‘I wonder what we shall have for tea,’ said Griselda, seating herself on my writing-table. ‘Dr Stone and Miss Cram, I suppose, and perhaps Mrs Lestrange. By the way, I called on her yesterday, but she was out. Yes, I’m sure we shall have Mrs Lestrange for tea. It’s so mysterious, isn’t it, her arriving like this and taking a house down here, and hardly ever going outside it? Makes one think of detective stories. You know – “Who was she, the mysterious woman with the pale, beautiful face? What was her past history? Nobody knew. There was something faintly sinister about her.” I believe Dr Haydock knows something about her.’
‘You read too many detective stories, Griselda,’ I observed mildly.
‘What about you?’ she retorted. ‘I was looking everywhere for The Stain on the Stairs the other day when you were in here writing a sermon. And at last I came in to ask you if you’d seen it anywhere, and what did I find?’
I had the grace to blush.
‘I picked it up at random. A chance sentence caught my eye and…’
‘I know those chance sentences,’ said Griselda. She quoted impressively, “And then a very curious thing happened – Griselda rose, crossed the room and kissed her elderly husband affectionately.”’ She suited the action to the word.
‘Is that a very curious thing?’ I inquired.
‘Of course it is,’ said Griselda. ‘Do you realize, Len, that I might have married a Cabinet Minister, a Baronet, a rich Company Promoter, three subalterns and a ne’er-do-weel with attractive manners, and that instead I chose you? Didn’t it astonish you very much?’
‘At the time it did,’ I replied. ‘I have often wondered why you did it.’
Griselda laughed.
‘It made me feel so powerful,’ she murmured. ‘The others thought me simply wonderful and of course it would have been very nice for them to have me. But I’m everything you most dislike and disapprove of, and yet you couldn’t withstand me! My vanity couldn’t hold out against that. It’s so much nicer to be a secret and delightful sin to anybody than to be a feather in their cap. I make you frightfully uncomfortable and stir you up the wrong way the whole time, and yet you adore me madly. You adore me madly, don’t you?’
‘Naturally I am very fond of you, my dear.’

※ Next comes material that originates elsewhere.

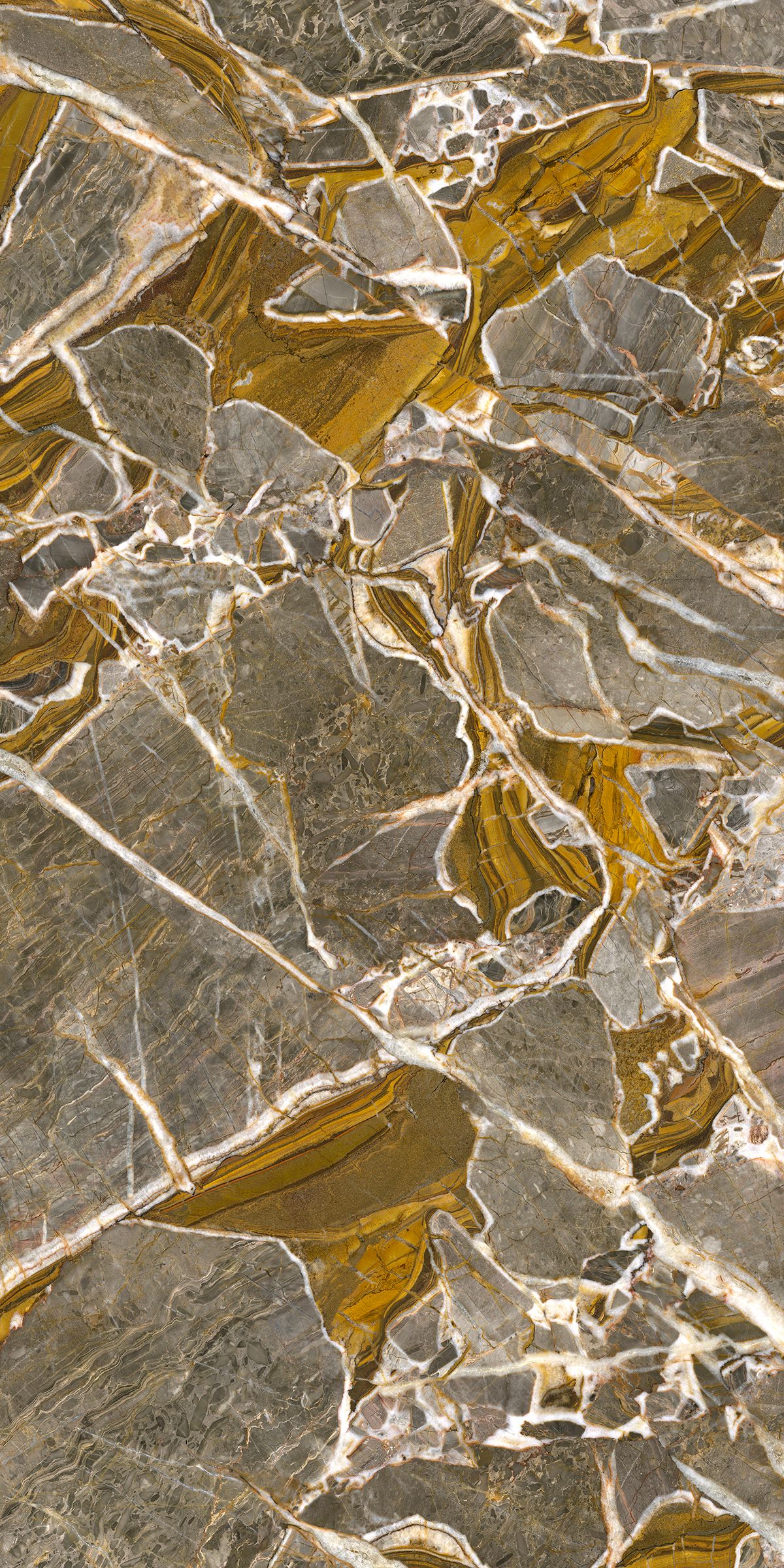 Grès cérame Tagina Luci D’oro Dorato poli 60 x 120 cm, rectifié - vue 11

‘Oh! Len, you adore me. Do you remember that day when I stayed up in town and sent you a wire you never got because the postmistress’s sister was having twins and she forgot to send it round? The state you got into and you telephoned Scotland Yard and made the most frightful fuss.’
There are things one hates being reminded of. I had really been strangely foolish on the occasion in question. I said:
‘If you don’t mind, dear, I want to get on with the C.E.M.S.’
Griselda gave a sigh of intense irritation, ruffled my hair up on end, smoothed it down again, said:
‘You don’t deserve me. You really don’t. I’ll have an affair with the artist. I will – really and truly. And then think of the scandal in the parish.’
‘There’s a good deal already,’ I said mildly.
Griselda laughed, blew me a kiss, and departed through the window.